JA, ICH BIN ÜBERGEWICHTIG. JA, ICH ESSE ZUVIEL! UND GERN AUCH MAL DAS FALSCHE! Aber soll ich mich wirklich in meinem Schlaraffenland kasteien für die Gesundheit? Ich finde es geradezu pervers, hier auf Diät zu leben. Und nun entdecke ich, dass die allseits gefürchteten Körperfanatiker es jetzt auch noch wagen, Bücher zu schreiben mit dem Titel „Die Mallorca Diät. Abnehmen mit Urlaubsfeeling.“ Man findet es schon für 8.10 Euro, Normalpreis: 22.50 Euro. Nun ist es ja nicht so, dass ich bewusst unvernünftig speise, da sorgt schon meine Frau dafür, aber aus der den alten und bewährten Rezepten eine Diät-Speisung zu machen, geht mir zu weit. Reicht es nicht, dass ich schwimme, laufe und golfe? Mich handwerklich betätige, Olivenöl und das heimische Gemüse liebe. Zwei Autoren hat das Buch, einer mit Doktortitel, für 192 Seiten. Dennoch glaube ich einfach nicht, dass die von gesunder Insel-Küche mehr verstehen als die Mallorkiner am Herd …

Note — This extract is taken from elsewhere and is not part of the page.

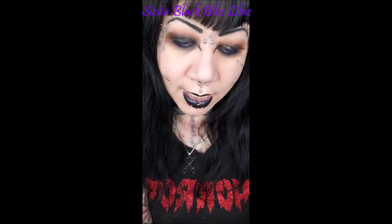The pink ones were my top, but I actually forgot how pretty these next ones were. So the next pair is my new top — the pink are now third. This is the Siesta Black Bliss Lilac.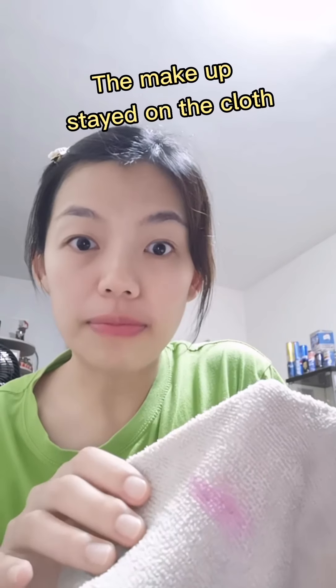And now the last part, the makeup. Can you see? The color is staying on the cloth. And tada! Just with one cloth and water.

Eine Art moderner Erzherzog …

… IST DER AUTOR UND SPRACHFORSCHER JAN LAMMERS! Ein Deutscher, Mitte 40, verheiratet mit einer Mallorkinerin und auf der Insel lebend, Kolumnist, Schriftsteller – und ich rate dringend dazu, alles aufmerksam zu lesen, worüber sein Name steht. Es ist „Mallorca-Manna“, was er schreibt: unterhaltsam und lehrreich, überraschend und gelehrt. Deswegen kam ich ja auf den Vergleich mit dem verehrten Erzherzog, der vor 130 Jahren etwas sehr Ähnliches bewirkt hat. Nun ist Lammers ein derart bescheidener Mann, dass er sicher errötet ob meines Kompliments (und mich höflichst zur Ordnung ruft), aber jeder, der sein Buch „Unser kleiner Felsen Mallorca“ genossen hat (gibt’s für ein paar Euro im Internet), wird mir Recht geben.